** SUPPLIED INFORMATION follows **
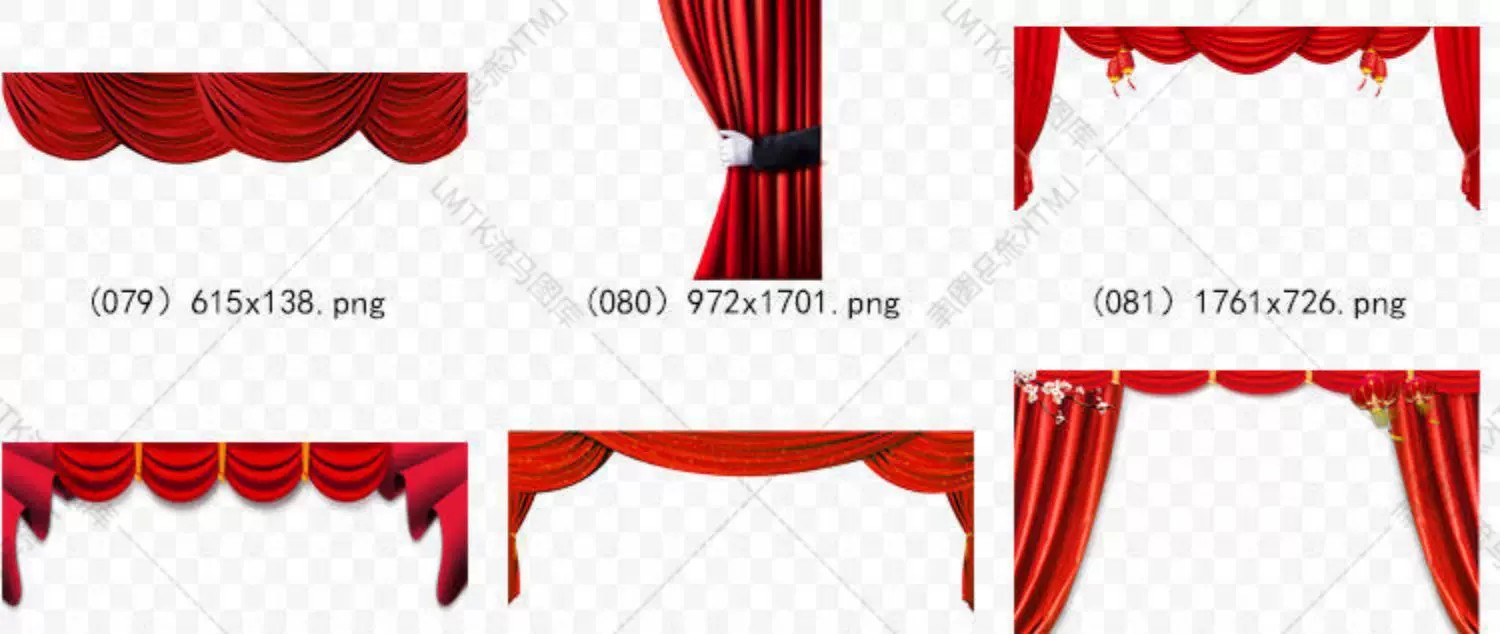 图片[10]-红色喜庆舞台幕布窗帘丝带飘带节日海报背景促销背景PNG免扣素材-大怪兽分享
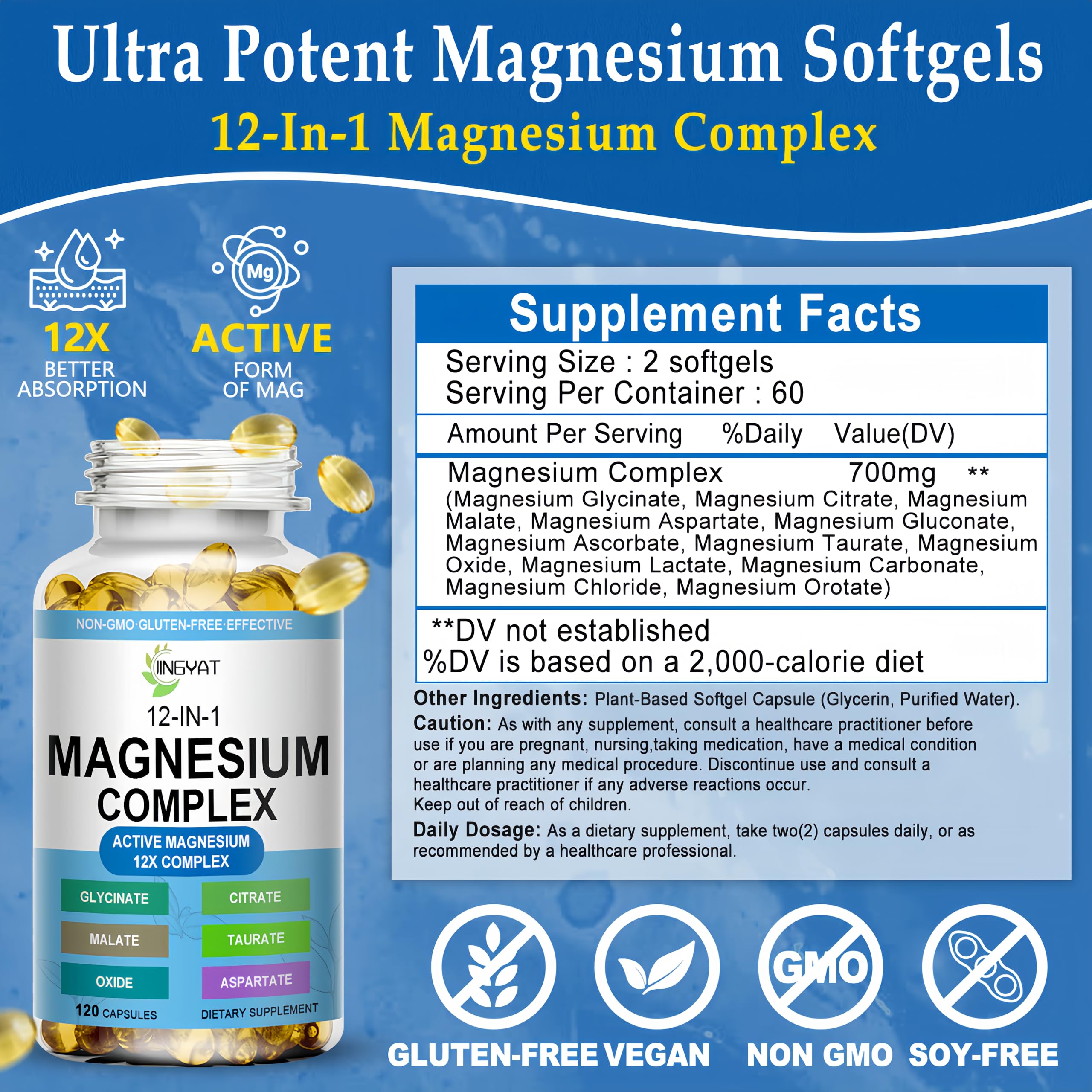 Magnesium Complex Softgels - 12-in-1 Magnesium Supplement with Glycinate,Citrate,Malate,Oxide,Taurate - High Absorption Magnesium Complex for Women & Men for Muscle, Heart, Sleep, Bone, Nerve Support — Amazon image 8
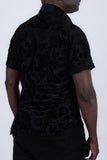 Barabas Wholesale Men's See-Through Floral Printed Short Sleeve Shirts 6SST03 Black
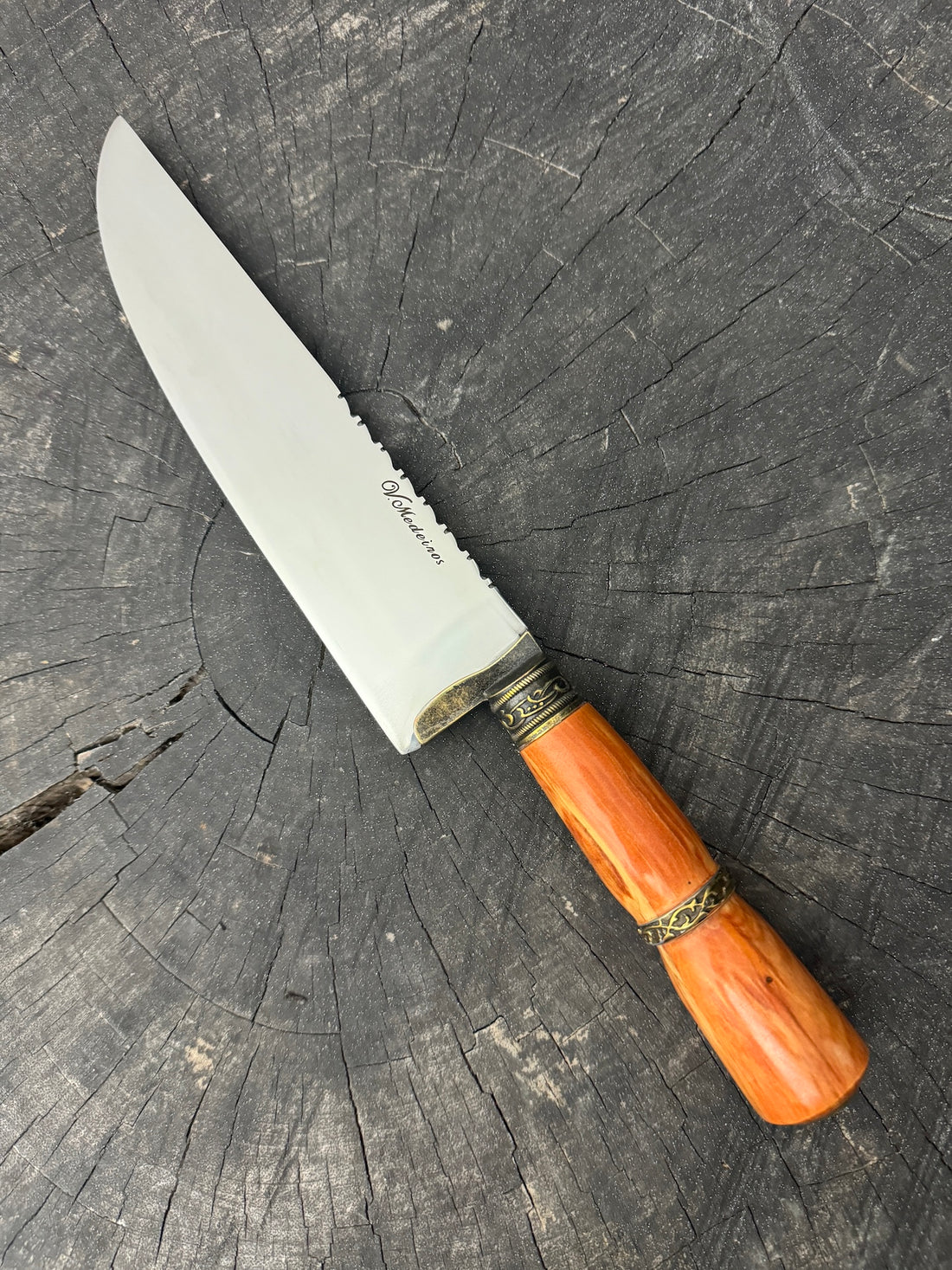 8&quot; Artisan Knife, Native Hardwood &amp; Nickel Rings, SS440 - 190mm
** End of SUPPLIED INFORMATION **
__INSTRUCTIONS FOR THE TASK__:
Reproduce the lines from the one with "Barabas Wholesale Men's" through the end of the data, keeping both end lines, adding nothing, and dropping any pictures.

__THE ANSWER__:
 Barabas Wholesale Men's See-Through Floral Printed Short Sleeve Shirts 6SST03 Black
 8&quot; Artisan Knife, Native Hardwood &amp; Nickel Rings, SS440 - 190mm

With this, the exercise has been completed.